Tuesday, December 31, 2013

Alton Brown's Fruit cake -- for Christmas and New Year

This is my last post for 2013. As per the "last-post-of-the-year" norm, this should be a post looking back, evaluating the days past and making resolutions for the coming year. But I will do none of that.I don't take stock and no longer make resolutions at the start of a new year. All I do is hang a fresh new calendar on my wall.

As I grow in age I have realized that I no longer bound my life by the beginning and end of a single year. The end and beginning are fluid with days merely spilling into each other. As months, days and hours, march in to fill the empty year ahead, I know that some days will follow the same pattern as in the past years, some a little worse, many a little better and only a few with a streak of rebel in them. Those are the ones that will be different. And for both you and me I wish that those days bloom into something good to remember them by.

Like this fruitcake which I had made for Christmas and then again not for Christmas. Sweet, rich, and filled with plump drunken fruits. The kind you look back on the next year and say "Oh, remember that fruit cake last year, the Alton Brown Fruit Cake ? It was so good". May most of your days in the coming year be just like that. Sweet, rich, and good enough to fondly look back at. And if you want to fill them with drunken fruits, so be it.

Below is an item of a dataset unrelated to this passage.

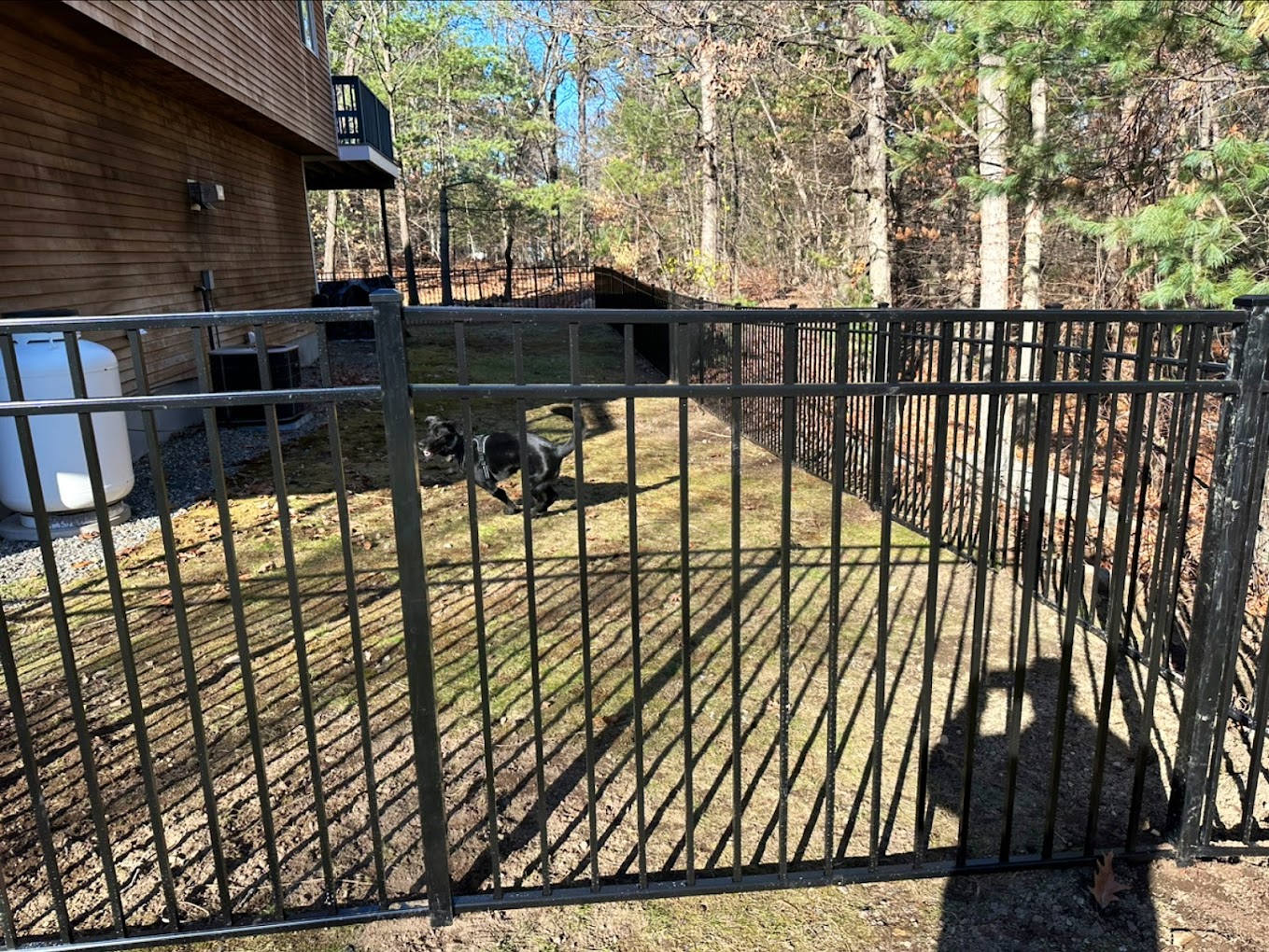 The American Fence Company – Quality Fencing in Eastern MA & Southern NH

Most of you have rich, moist, raisin and nuts studded memories of the Christmas cake. At least from the way, everyone on my FB timeline waxed nostalgic about the Fruit Cake, it looks like it was a family tradition for many.

Not so in my home though. I mean we did have a cake on Christmas for how can you celebrate a birthday without a cake. But my mother did not soak dry fruits in rum for weeks to make that cake. Actually she did not even make that cake. We lived in the suburbs and on most winter holidays we visited my grandparents who lived in North Calcutta. Nahoum, the famous New Market bakery, was not  known to them and Flury's was a long distance away.

So on 25th December, my grandfather, who was a believer in everything from Poush Sankranti to Christmas, that is everything that involved good food and cheer, would get us a cake from the local bajaar. In those crisp Christmas mornings, the best kind of mornings in Kolkata, the air would be a delicious cold and the egg yolk watery sun, just the right kind of warm. A hand-knit full sweater would be too warm and prickly but had to be worn anyway. My Mother or grandmother would have knit it sometime in November, carefully selecting patterns of knits and purls from a magazine called Manorama and then spending many a afternoon in the comforting sound of clickety-clack of the needles, creating cardigans and turtlenecks right in time for December.I was lucky enough that my Mother didn't force me to wear a monkey cap or wrapped a scarf around my throat .We were used to more severe winters where we lived and so she took winter in Kolkata much less seriously than most Bengalis did.

I loved going to that local bajaar with my grandfather when I was the same age as my youngest. Later however, I would feel embarrassed as my grandfather had the tendency to stop each and every person there and strike up a conversation, every time mentioning my visit and my report card which he thought was stellar.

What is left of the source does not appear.